[Extracted data]
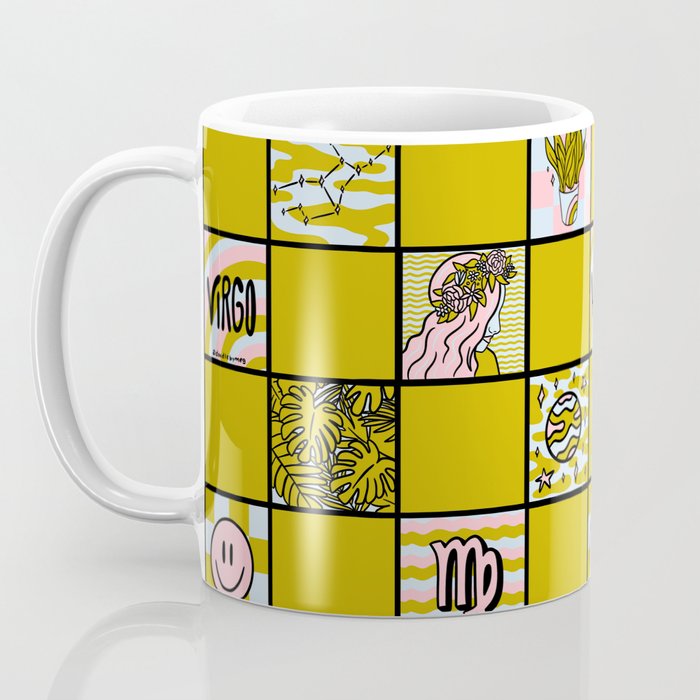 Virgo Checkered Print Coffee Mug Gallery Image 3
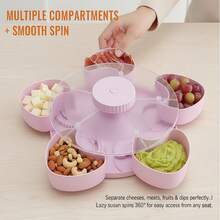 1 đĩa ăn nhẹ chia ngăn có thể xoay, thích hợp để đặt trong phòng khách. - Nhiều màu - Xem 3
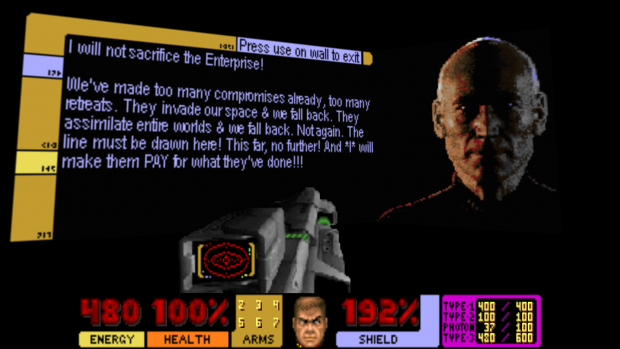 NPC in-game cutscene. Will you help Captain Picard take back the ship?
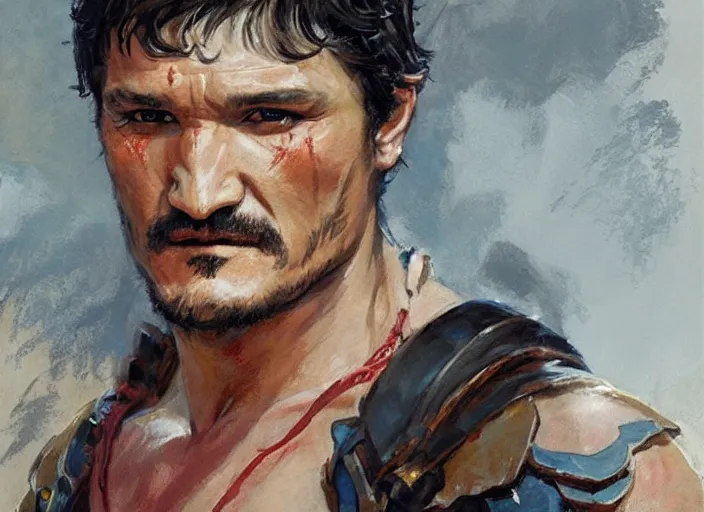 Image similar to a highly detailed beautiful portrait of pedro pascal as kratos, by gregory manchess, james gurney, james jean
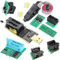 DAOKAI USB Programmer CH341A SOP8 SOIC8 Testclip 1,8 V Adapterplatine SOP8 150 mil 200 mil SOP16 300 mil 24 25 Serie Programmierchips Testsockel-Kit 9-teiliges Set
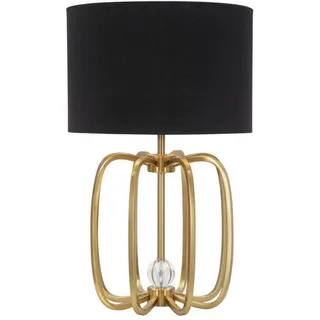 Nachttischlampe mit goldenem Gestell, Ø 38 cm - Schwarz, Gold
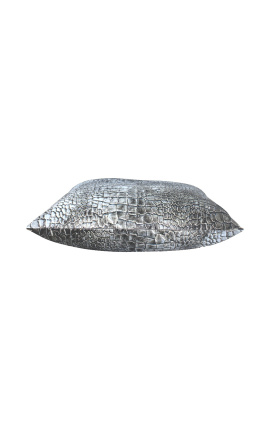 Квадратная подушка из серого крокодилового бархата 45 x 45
[/Extracted data]
The task =
Leaving every picture out, return the lines from the one containing "Image similar to" through the last line of the records exactly.

Answer section =
 Image similar to a highly detailed beautiful portrait of pedro pascal as kratos, by gregory manchess, james gurney, james jean
 DAOKAI USB Programmer CH341A SOP8 SOIC8 Testclip 1,8 V Adapterplatine SOP8 150 mil 200 mil SOP16 300 mil 24 25 Serie Programmierchips Testsockel-Kit 9-teiliges Set
 Nachttischlampe mit goldenem Gestell, Ø 38 cm - Schwarz, Gold
 Квадратная подушка из серого крокодилового бархата 45 x 45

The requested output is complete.